Although human rights norms were fully internationalized by
the
mid-1960s, implementation of those norms remained almost entirely
national. The emerging global human rights regime thus
reflected,
and even today continues to reflect, the strong persistence of a
sovereignty-respecting logic.
The Carter Revival: Small inroads began to be made
in the
late
1960s and 1970s. The UN Commission on Human Rights received
authority to discuss human rights violations in particular
countries. Special procedures addressed human rights violations
in Israeli-occupied territories, South Africa, and Chile. But
the
point of takeoff for human rights as an international issue came
in 1977, when Jimmy Carter took the office of president of the
United States.
In embracing human rights as a priority for American foreign
policy, Carter at least partly disentangled international human
rights from the East-West politics of the Cold War and the
North-South struggles over a new international economic order.
This gave new momentum and increased legitimacy to human rights
advocates throughout the world.
Within the United Nations, a revitalized Commission on Human
Rights, led by Canada, the Netherlands, and others, formulated
major treaties on women's rights (1979), on torture (1984), and
on the rights of the child (1989). Rapporteurs were appointed to
study human rights violations in a growing number of increasingly
diverse countries. The commission also developed innovative new
mechanisms to deal with particular kinds of violations, most
notably disappearances.
The mid-1970s also saw the introduction of
human rights into
the
mainstream of bilateral foreign policy. For example, the United
States and the Nordic countries began to consider the human
rights practices of recipient countries in their aid policies.
And the Helsinki Final Act of 1975
explicitly introduced human
rights into the mainstream of U.S.-Soviet relations.
By the mid-1980s, debate in most Western countries
focused less on whether human rights should be an active concern
of foreign policy -- still a matter of considerable controversy
in the late 1970s and early 1980s -- than on which rights should
be pursued and where.
The 1970s was also the decade in which nongovernmental
organizations (NGOs) concerned with human rights emerged as a
notable international political force, as symbolized by the award
of the Nobel Peace Prize to Amnesty International in 1977 for its
assistance to political prisoners.

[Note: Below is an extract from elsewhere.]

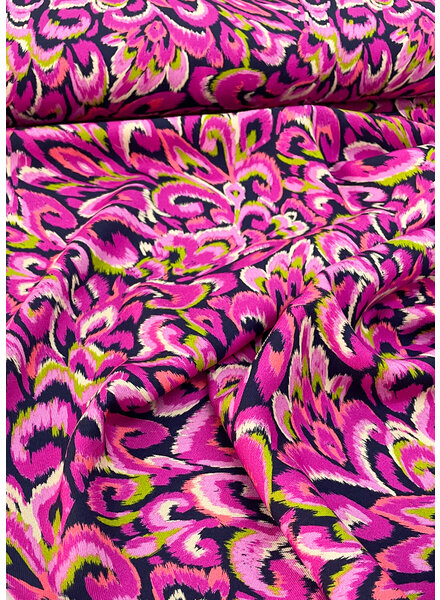 Bittoun pink all over - mooie viscose twill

By 1980, there were some 200
NGOs in the United States that dealt with human rights in some
way, and about the same number in Britain.
These groups, in
addition to their advocacy for victims of human rights abuses,
have been important actors in changing bilateral and multilateral
international human rights policies. International campaigns
against torture by Amnesty International in the 1970s and 1980s
played an important role in the drafting of the UN's 1984
Convention Against Torture.
At the national level, the Dutch
section of Amnesty was involved in drafting its government's 1979
White Paper on human rights and development. And anti-apartheid
activists in the United States and several European countries had
a major impact on foreign policy toward South Africa in the
1980s.
The Post-Cold War Environment: Post-Cold War
developments
have
further strengthened multilateral, bilateral, and transnational
human rights actors and procedures. Existing multilateral
mechanisms are being used more vigorously and with greater
impartiality, and new initiatives, such as the creation of a UN
High Commissioner for Human Rights, promise intensified
international monitoring. In most countries, human rights have
become a more deeply entrenched and less controversial issue on
foreign policy agendas, and nongovernmental human rights
organizations and advocates have become an increasingly
significant part of the political landscape.
International human rights issues still provoke political
controversy. At the Vienna World Conference, for example, a
small group of countries argued,
ultimately unsuccessfully, against efforts of the international
community to press states to comply with the standards laid out
in the Universal Declaration and the Covenants. In bilateral
relations, raising human rights issues still is resented by many
states, as the strained relations between China and its major
trading partners in the years following the 1989 Tiananmen
massacre of Chinese citizens clearly illustrate. And most states
still refuse to press international human rights concerns
strongly enough to satisfy many human rights NGOs.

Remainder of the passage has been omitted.